> [What is required]: No pictures go into the copy. Write out every line below exactly.

### Exercise material ###

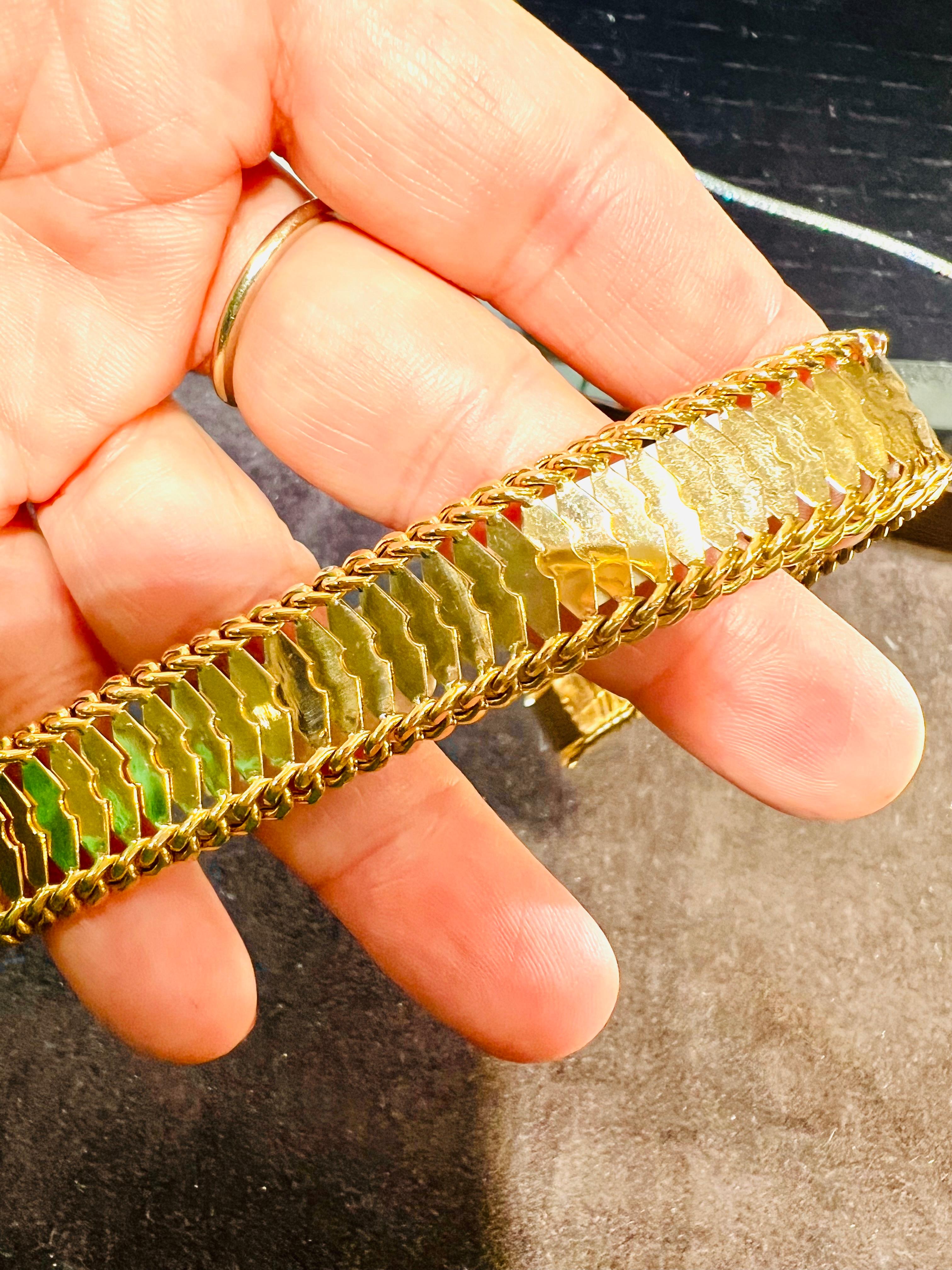Bracelet en or jaune 18 carats, années 1950 Bon état - En vente à SAINT-OUEN-SUR-SEINE, FR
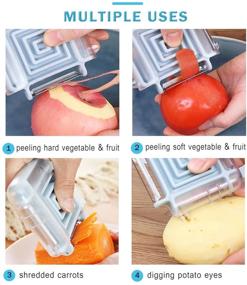 img 2 attached to 🔵 Befoy 3-in-1 Stainless Steel Vegetable Peeler with Cleaning Brush - Fruit Peelers/Slicer (Blue)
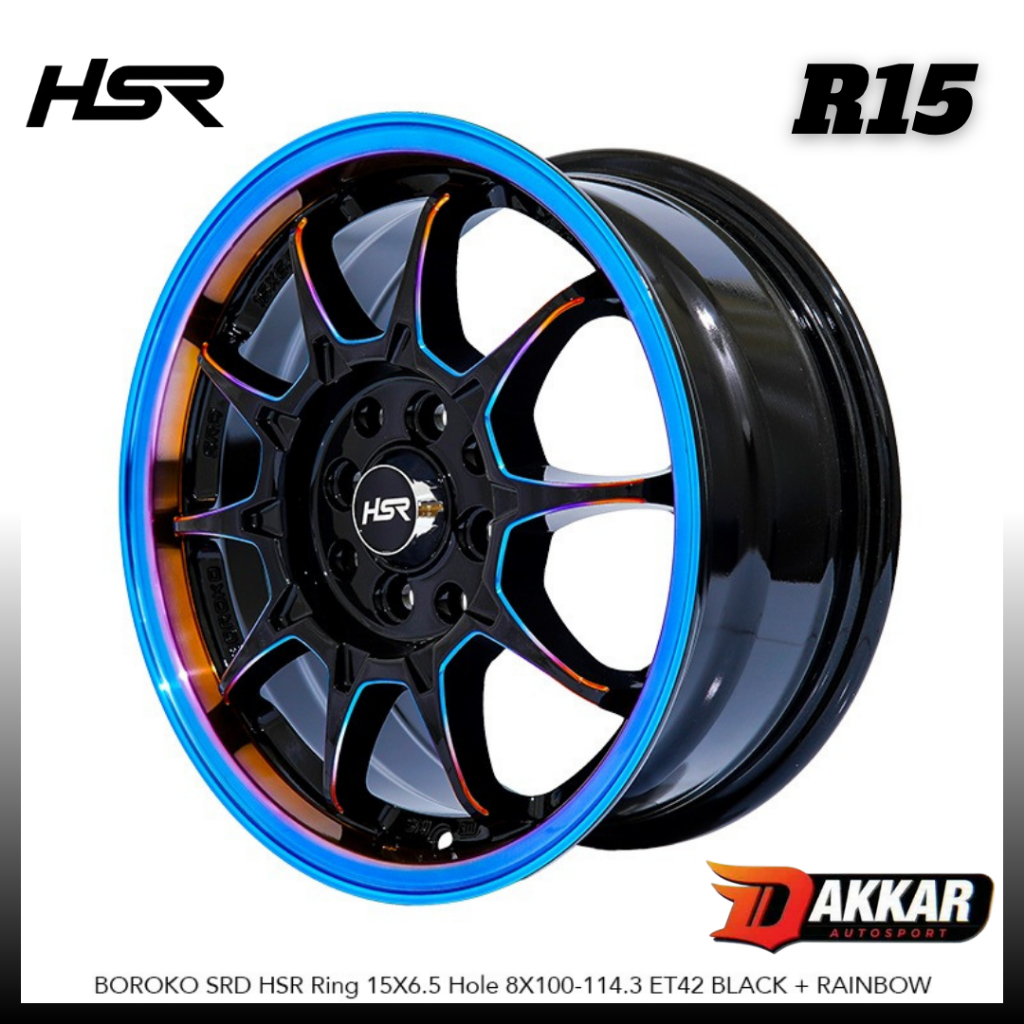 Velg Ring 15 Mobil Brio Agya Jazz Mobilio HSR Wheel R15 Rainbow Velg HSR Boroko Srd R15
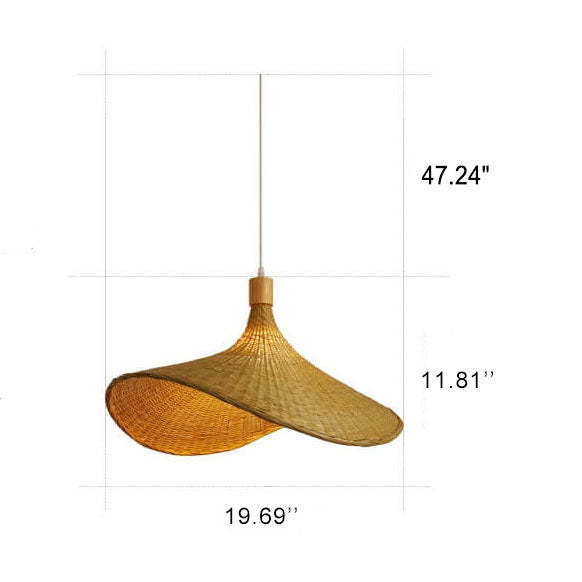 Woven Bamboo Straw Hat Pendant Light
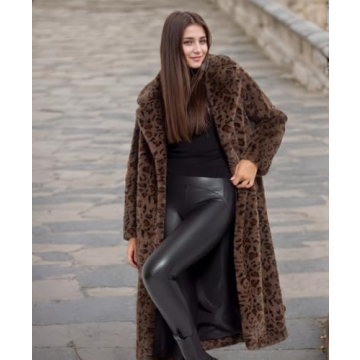 Luxury Leopard Faux Fur Coat for Elegant Winter Looks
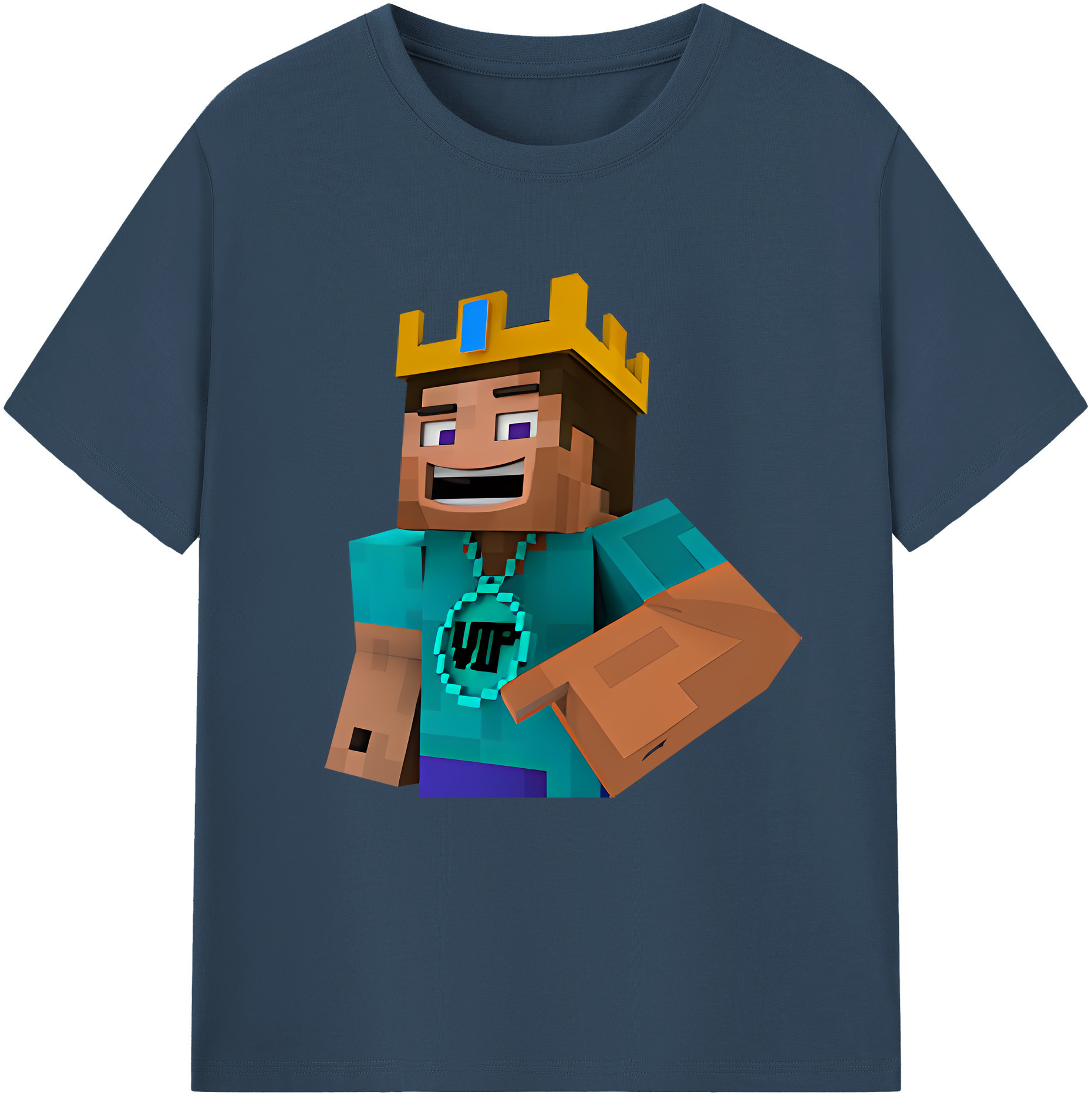 （画像用） マインクラフト ブロックの世界 Minecraft MC Block world レディースカジュアルプリントTシャツ（綿100％）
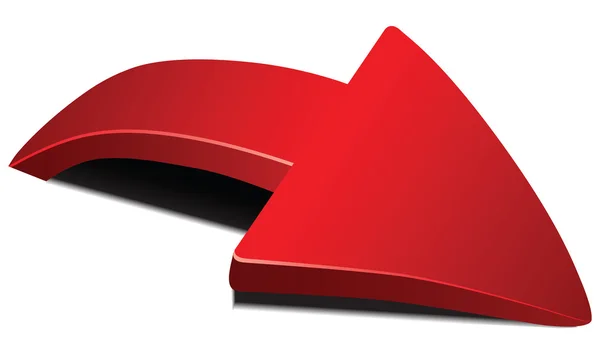 Flecha curvada roja — Vector de stock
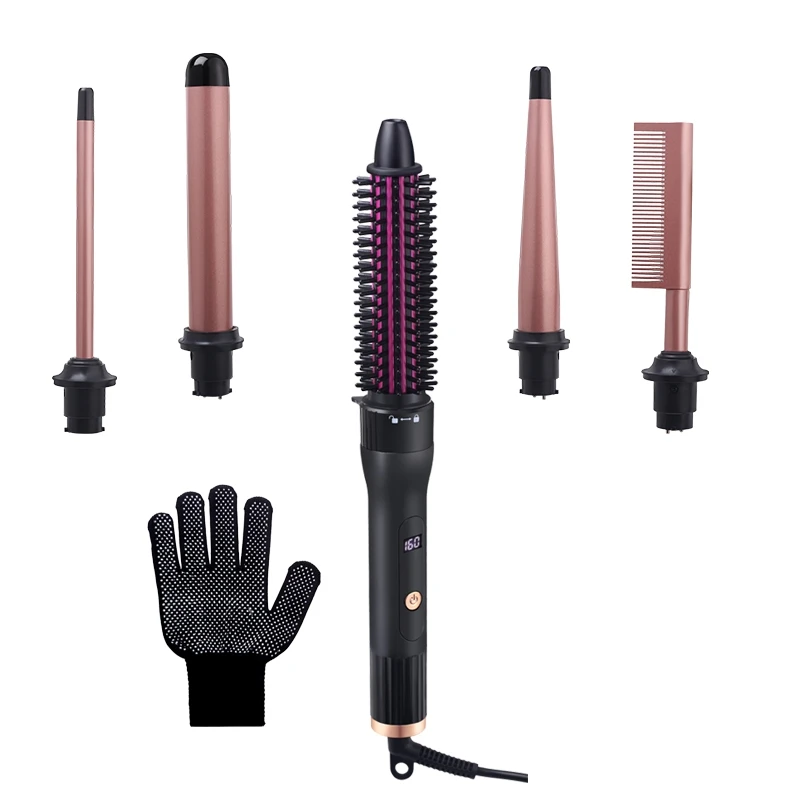 5-in-1 Interchangeable Hot Comb Hair Styler Set Multifunctional Curling Wand Straightening Brush With Anti-Scald Glove
5-in-1 Interchangeable Hot Comb Hair Styler Set Multifunctional Curling Wand Straightening Brush With Anti-Scald Glove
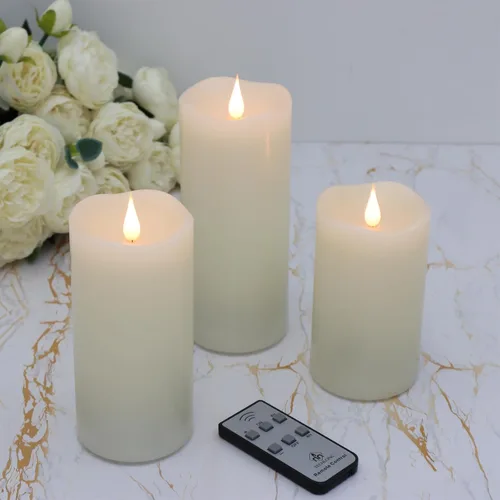 Paquete de 3 velas parpadeantes sin llama que funcionan con pilas con temporizador, llama móvil 3D que dura más de 1000 horas, vela eléctrica LED de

###

> [The completed task]:
Bracelet en or jaune 18 carats, années 1950 Bon état - En vente à SAINT-OUEN-SUR-SEINE, FR
 img 2 attached to 🔵 Befoy 3-in-1 Stainless Steel Vegetable Peeler with Cleaning Brush - Fruit Peelers/Slicer (Blue)
 Velg Ring 15 Mobil Brio Agya Jazz Mobilio HSR Wheel R15 Rainbow Velg HSR Boroko Srd R15
 Woven Bamboo Straw Hat Pendant Light
 Luxury Leopard Faux Fur Coat for Elegant Winter Looks
 （画像用） マインクラフト ブロックの世界 Minecraft MC Block world レディースカジュアルプリントTシャツ（綿100％）
 Flecha curvada roja — Vector de stock
 5-in-1 Interchangeable Hot Comb Hair Styler Set Multifunctional Curling Wand Straightening Brush With Anti-Scald Glove
5-in-1 Interchangeable Hot Comb Hair Styler Set Multifunctional Curling Wand Straightening Brush With Anti-Scald Glove
 Paquete de 3 velas parpadeantes sin llama que funcionan con pilas con temporizador, llama móvil 3D que dura más de 1000 horas, vela eléctrica LED de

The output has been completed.